Les premiers prototypes étaient portés par les femmes de la “Electric Girl Company” (Une troupe de danseuses de ballet qui utilisait des tenues luminescentes dans les années 90). Elles arboraient des bijoux et des robes ornés de lumières pendant leurs shows. Puis…. plus rien jusqu’à ce que la technologie rattrape le concept.
Ralph Lauren fut un pionnier dans ce domaine lors des jeux olympiques d’hiver 2018 en Corée du Sud.
La maison avait équipé la team américaine de vestes chauffantes, déclinées en deux modèles et conçues en édition limitée encore disponibles en boutique.
L’innovation ? Et bien elle se trouve dans la commande Bluetooth via l’appli RL Heat, qui permet de maîtriser la température des vestes avec une batterie USB branchée dans la poche intérieure et de diffuser la chaleur avec une autonomie d’au moins trois heures. À noter que l’application sert également de station météo !

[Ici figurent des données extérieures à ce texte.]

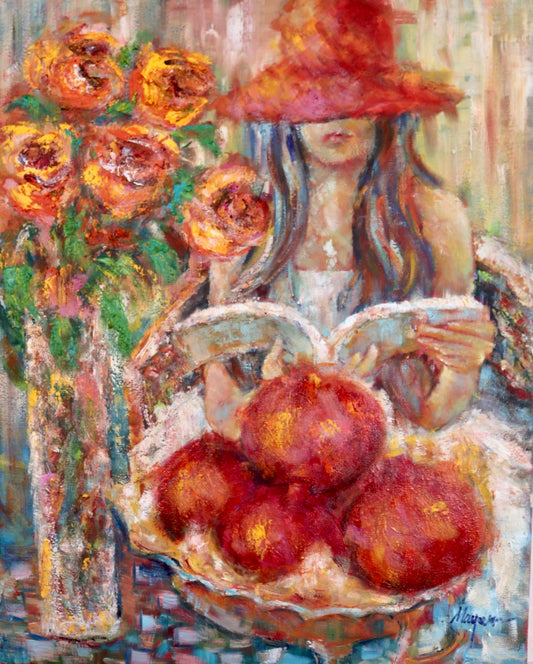 Pomegranate (Print)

Un an plus tard, c’était au tour de Michael Burke, PDG de Louis Vuitton, de présenter lors de son défilé Croisière à New-York, puis au salon VivaTech à Paris, le sac connecté : « Canvas of the Future» intégrant deux écrans flexibles et tactiles (capable de diffuser images ou vidéos choisies par l’usager depuis son smartphone). Initiative suivie de près par d’autres acteurs du luxe Chanel, …mais aussi du retail comme H&M et LEVIS
Si le sujet de l’alliance possible entre luxe et technologie ne fait aucun de doute, celui de la connectivité d’une pièce de luxe reste toujours énigmatique. Le duel Silicon Valley et avenue Montaigne reste d’actualité.
Certes, certaines montres connectées sont apparues sur le marché du luxe grâce à des collaborations avec Hublot ou encore HERMES , mais en France, les considère-t-on vraiment comme des produits haut de gamme ?
De surcroît, la technologie intégrée est-elle véritablement compatible avec la notion d’intemporalité propre au secteur ?
Rappelons-le, la connectivité implique fondamentalement l’obsolescence programmée du produit.
La question qui en découle est donc la suivante : un produit connecté (et donc potentiellement obsolescent) peut-il être considéré comme un produit de luxe ?
Aujourd’hui, cela semble difficile à concevoir car nous avons grandi avec l’idée qu’un produit haut de gamme est un produit avec une durée de vie illimité et permettant de le transmettre de génération en génération.
La question est multiple en réalité puisqu’elle soulève de nombreuses autres interrogations, à l’instar du rapport à la possession VS un rapport purement expérientiel.
Evidemment, l’évolution des attentes des nouvelles générations aura un impact sur les offres à venir et chaque marché (zone géographique) n’aura pas le même avis sur la question.
Il existe d’autres résistances majeures à ce mariage entre le textile et la technologie. D’abord des limites techniques, puisque si les enjeux actuels visent à fondre les devices dans le corps, on en est encore aux balbutiements d’intégration de processeurs et d’écrans dans les textiles.
Dans cette logique, le vêtement pourrait donc prendre la place du téléphone et deviendrait l’intermédiaire idéal car porté au quotidien. Une évolution loin d’être anodine, que ce vêtement qui, au-delà de ses fonctions de protection et reflet du statut, puisse communiquer des informations !
Mais il demeure tout de même le problème du lavage…En effet, il n’est pas très compliqué de confectionner des tissus connectés seulement, parvenir à les rendre résistants à la machine, à la transpiration, au repassage, et à toute autre contrainte auquel ils doivent répondre est toute autre chose. De plus les matériaux utilisés doivent conserver leurs propriétés isolantes pour ne pas risquer de mettre en danger l’utilisateur… Beaucoup de questions qui demeurent en suspens.
Trop chers, compliqués à entretenir et encombrants, pour une utilité pas si évidente : les vêtements connectés ont de nombreux challenges à surmonter. Mais de nombreuses start-ups, y compris françaises, ont investi le créneau, éveillant l’intérêt de l’industrie textile.